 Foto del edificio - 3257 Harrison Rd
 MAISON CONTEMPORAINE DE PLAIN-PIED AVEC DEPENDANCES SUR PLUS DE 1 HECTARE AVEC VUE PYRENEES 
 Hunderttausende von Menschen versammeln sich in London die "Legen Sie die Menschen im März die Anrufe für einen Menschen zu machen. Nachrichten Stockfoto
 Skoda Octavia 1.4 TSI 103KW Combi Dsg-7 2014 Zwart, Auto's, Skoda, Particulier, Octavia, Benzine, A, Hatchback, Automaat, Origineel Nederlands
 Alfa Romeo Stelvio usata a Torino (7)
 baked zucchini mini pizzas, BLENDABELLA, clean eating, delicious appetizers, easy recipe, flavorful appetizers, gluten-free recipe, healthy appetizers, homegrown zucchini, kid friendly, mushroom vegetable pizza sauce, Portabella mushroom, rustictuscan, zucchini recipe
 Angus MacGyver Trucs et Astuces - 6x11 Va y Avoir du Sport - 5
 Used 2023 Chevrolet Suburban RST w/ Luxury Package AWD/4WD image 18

§ §

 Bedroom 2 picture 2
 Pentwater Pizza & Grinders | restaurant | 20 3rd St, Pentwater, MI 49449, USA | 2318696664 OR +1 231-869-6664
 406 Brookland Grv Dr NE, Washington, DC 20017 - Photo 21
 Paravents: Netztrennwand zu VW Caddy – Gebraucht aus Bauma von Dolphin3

§ §

(Exercise):
Transcribe the records above from the line holding "Pentwater Pizza &" down to the line holding "Paravents: Netztrennwand zu", inclusive, without adding anything.

(Answer):
 Pentwater Pizza & Grinders | restaurant | 20 3rd St, Pentwater, MI 49449, USA | 2318696664 OR +1 231-869-6664
 406 Brookland Grv Dr NE, Washington, DC 20017 - Photo 21
 Paravents: Netztrennwand zu VW Caddy – Gebraucht aus Bauma von Dolphin3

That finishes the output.